**EXERCISE**
From the line that contains "USED 2017 17" down to the final line of the listing below, set down every line exactly, both ends included, and drop the pictures.

**AVAILABLE DATA**
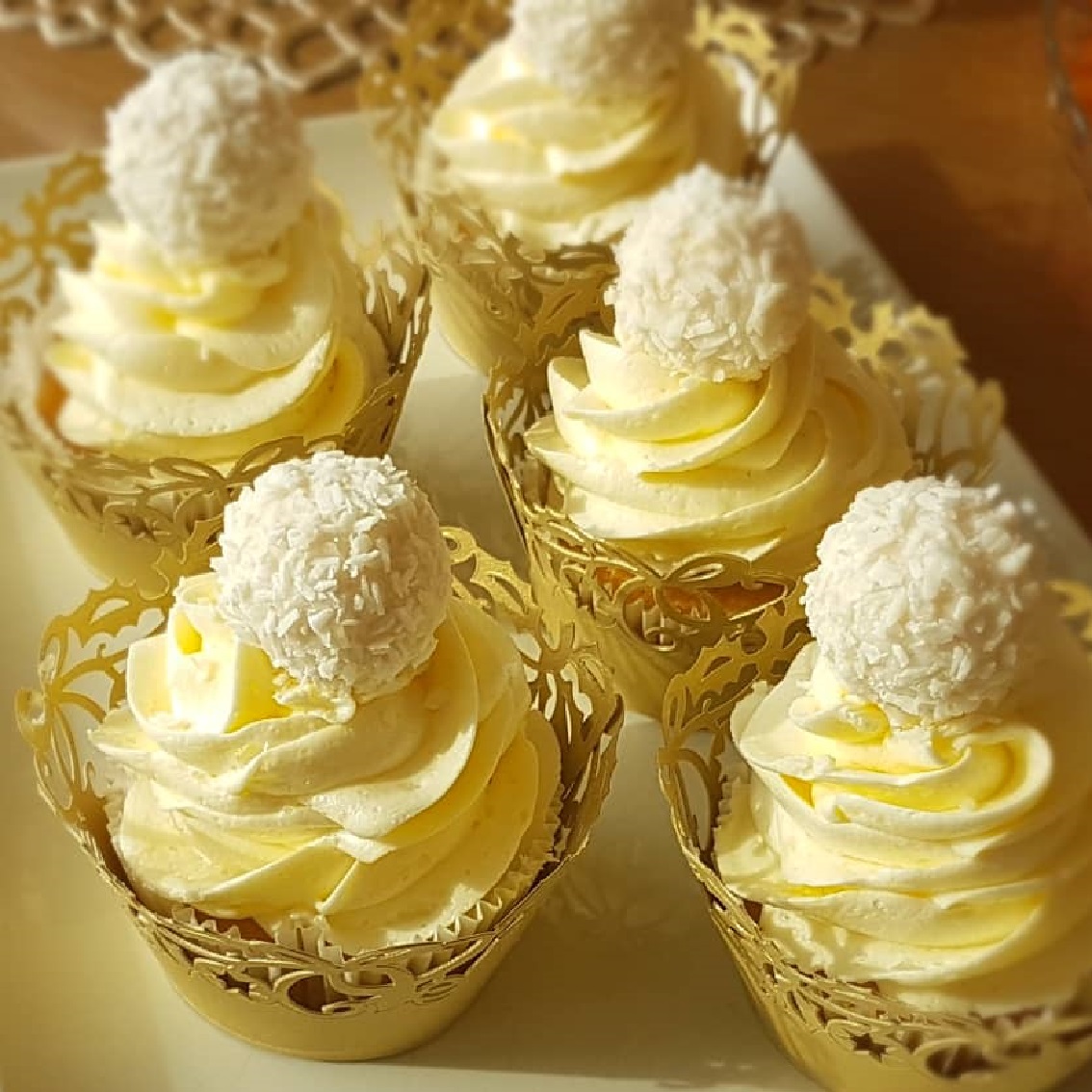 Kokosový cupcake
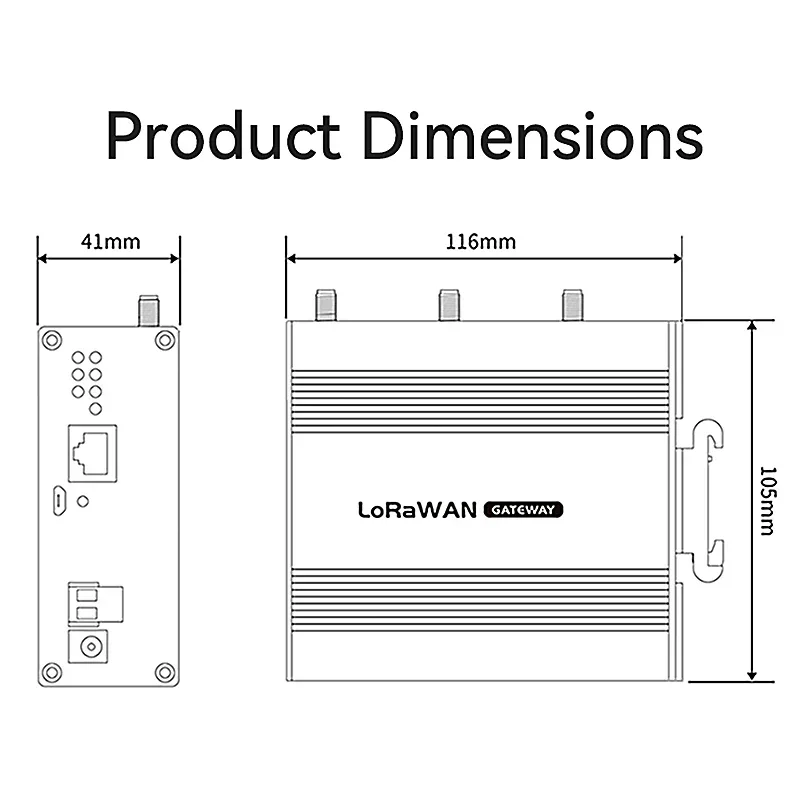 868MHz SX1302 LoRa Gateway High Speed 8 Channel 27dBm 3KM Half-duplex LoRaWAN Standard Protocol Gateway E890-868LG12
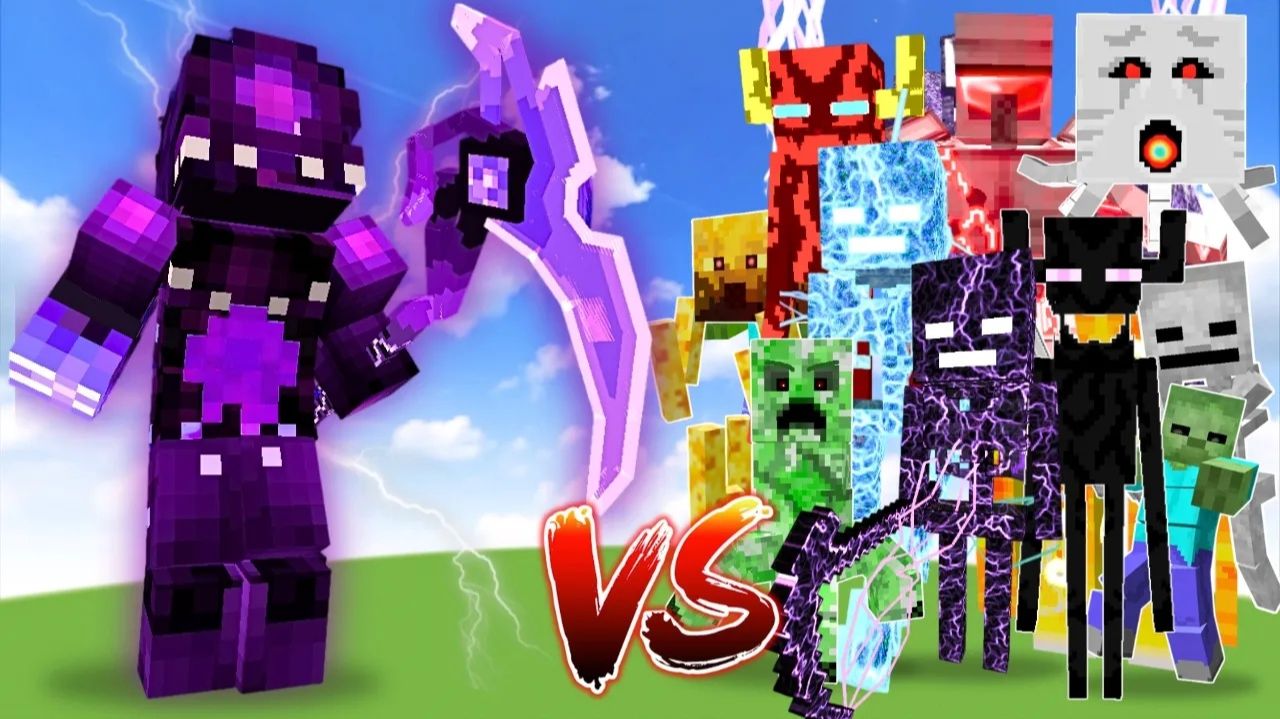 НОВЫЙ Титан Визер-Шторм против всех титанов! Minecraft Mob Battle
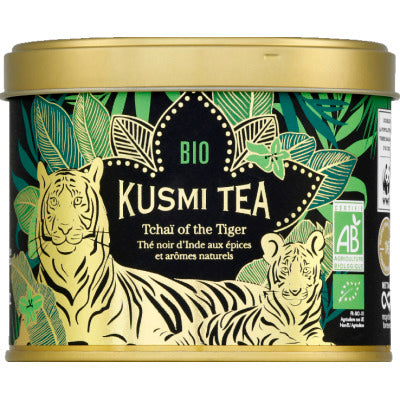 Kusmi Tea Tchaï Of The Tiger Thé Noir Bio Boite Métal 100G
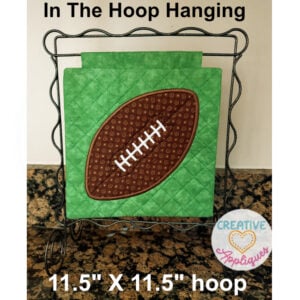 Football Mini Hanging Embroidery Design 11.5 x 11.5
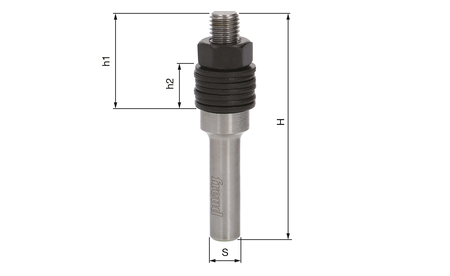 freud Aufnahmedorn für Scheibennutfräser D8 S8 FR-60-10008P 1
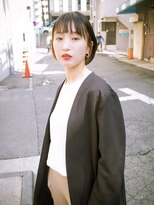 ジーテ(gite)&nbsp;ミニボブ×アプリコットオレンジ　「横浜/髪質改善/縮毛矯正」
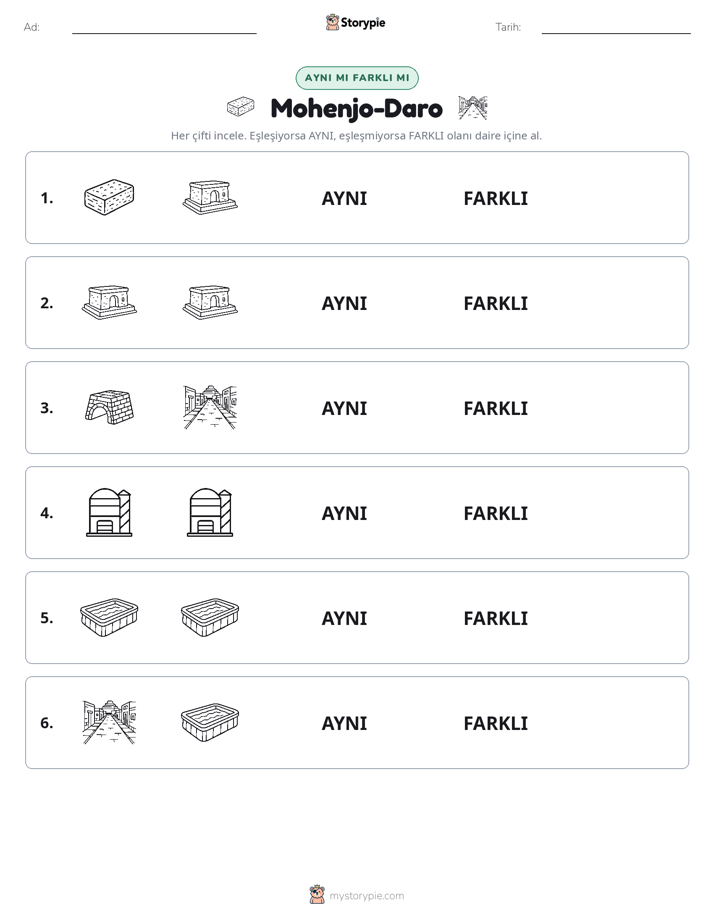 Aynı mı Farklı mı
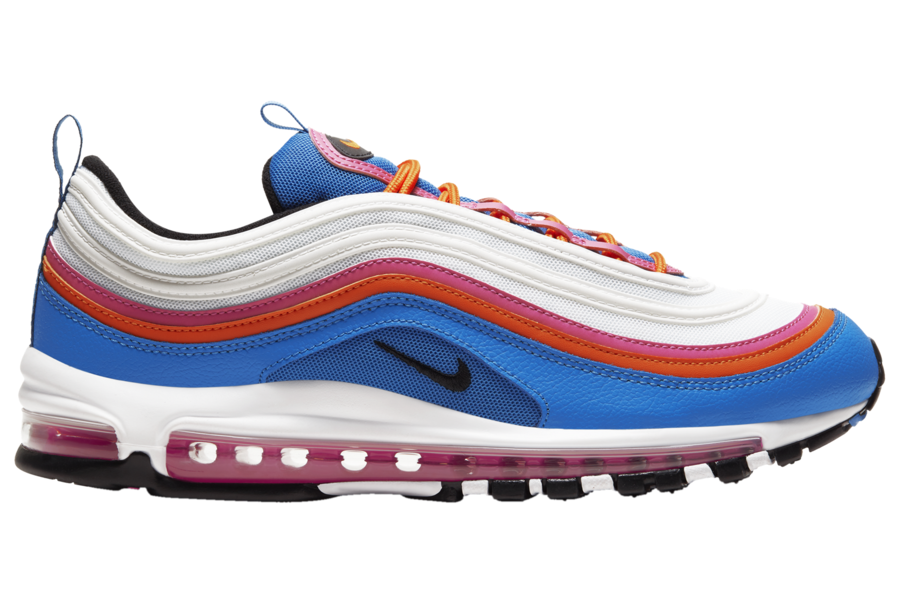 nike air max 97 blue white red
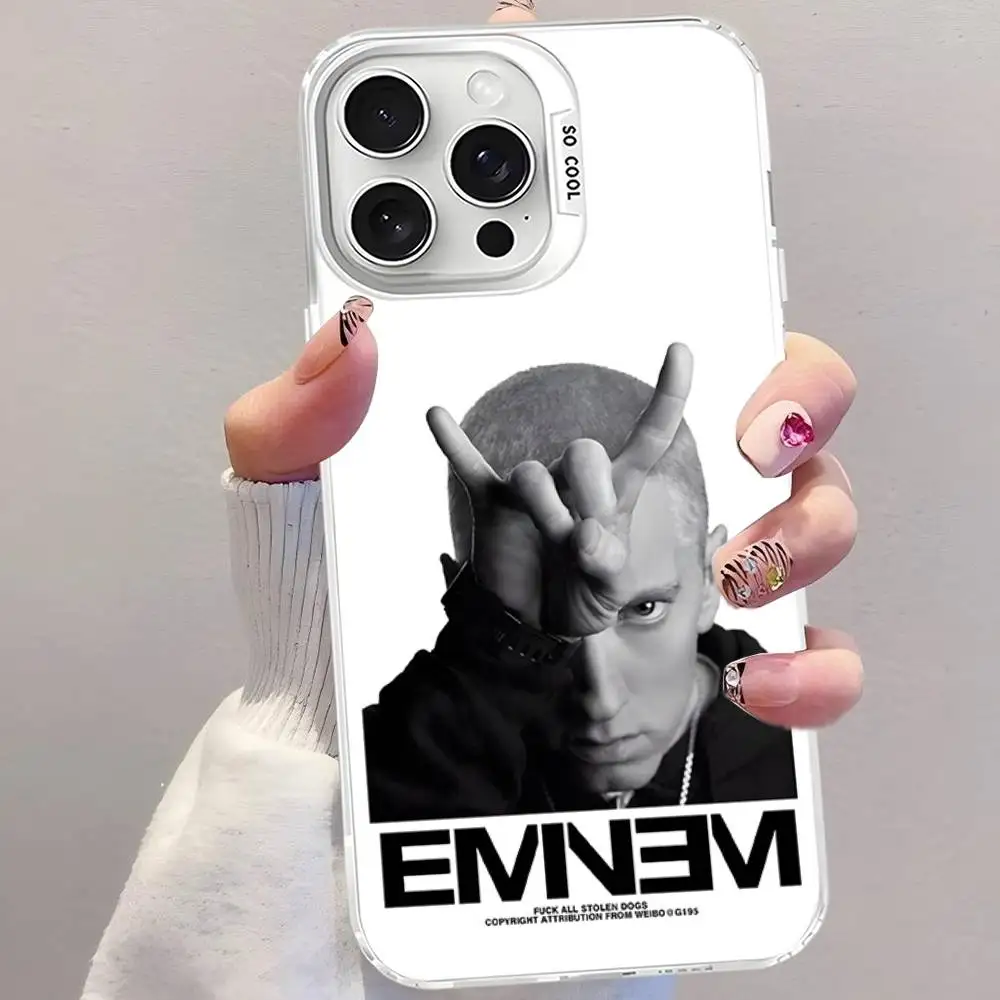 Фото Чехол для телефона Super Rapper Eminem, цвет серебристый, для iPhone 17 16 15 14 13 12 11 Pro Max Plus №5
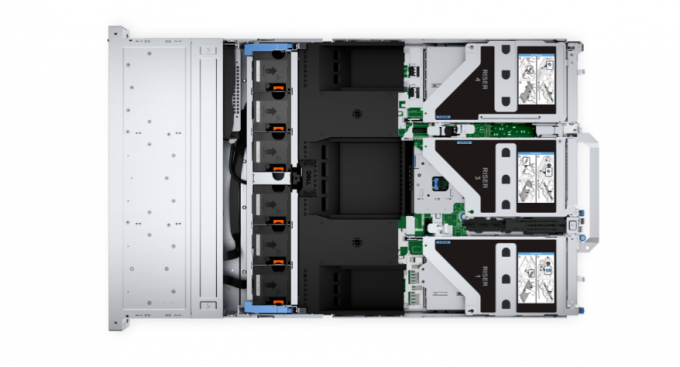 2G DDR5 PowerEdge R760 Dell EMC Storage Server 2.5" Chassis CPU 4410Y 2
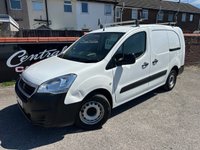 USED 2017 17 PEUGEOT PARTNER 1.6 BlueHDi 756 S Panel Van 6dr Diesel Manual L2 (112 g/km, 97.64 bhp) Twin Side loading Doors- - Ply Lined - Low Miles - Mint Condition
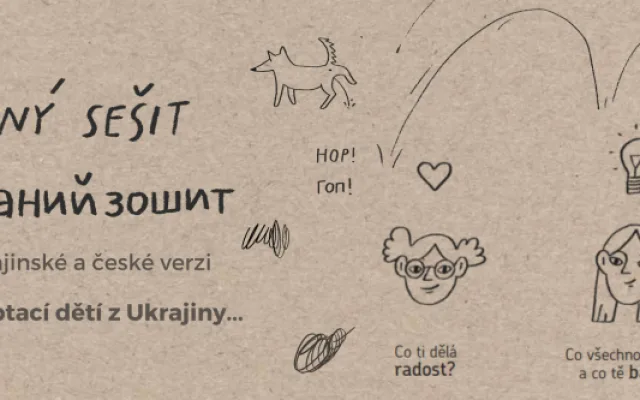 Dětem z Ukrajiny by mohl pomoci Pokreslený sešit. Vytvořila ho olomoucká pedagogická fakulta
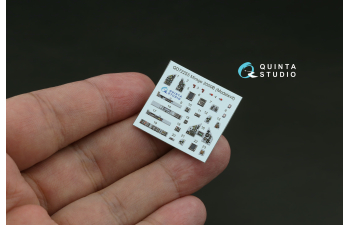 3D Декаль интерьера кабины Mirage 2000B (Modelsvit)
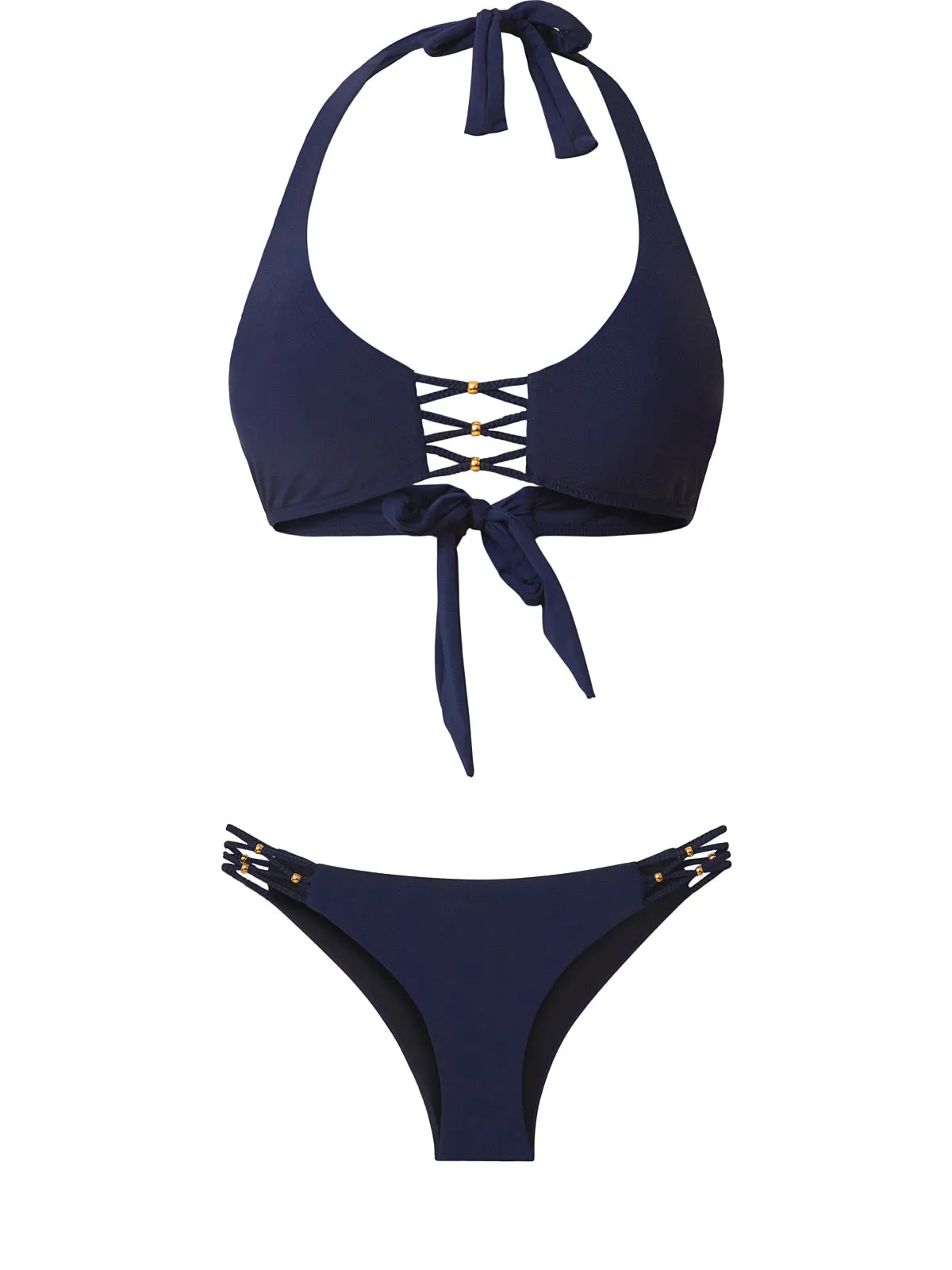 Braided Halter-Braided Bikini sold by SWORLD Inc product image thumbnail 4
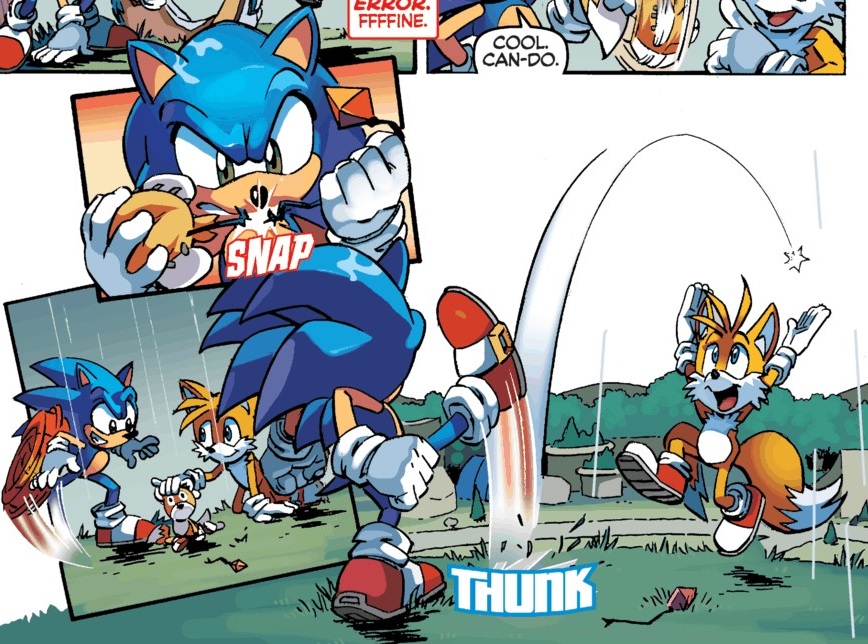 sonic and tails comics funny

**OUTPUT BELOW**
 USED 2017 17 PEUGEOT PARTNER 1.6 BlueHDi 756 S Panel Van 6dr Diesel Manual L2 (112 g/km, 97.64 bhp) Twin Side loading Doors- - Ply Lined - Low Miles - Mint Condition
 Dětem z Ukrajiny by mohl pomoci Pokreslený sešit. Vytvořila ho olomoucká pedagogická fakulta
 3D Декаль интерьера кабины Mirage 2000B (Modelsvit)
 Braided Halter-Braided Bikini sold by SWORLD Inc product image thumbnail 4
 sonic and tails comics funny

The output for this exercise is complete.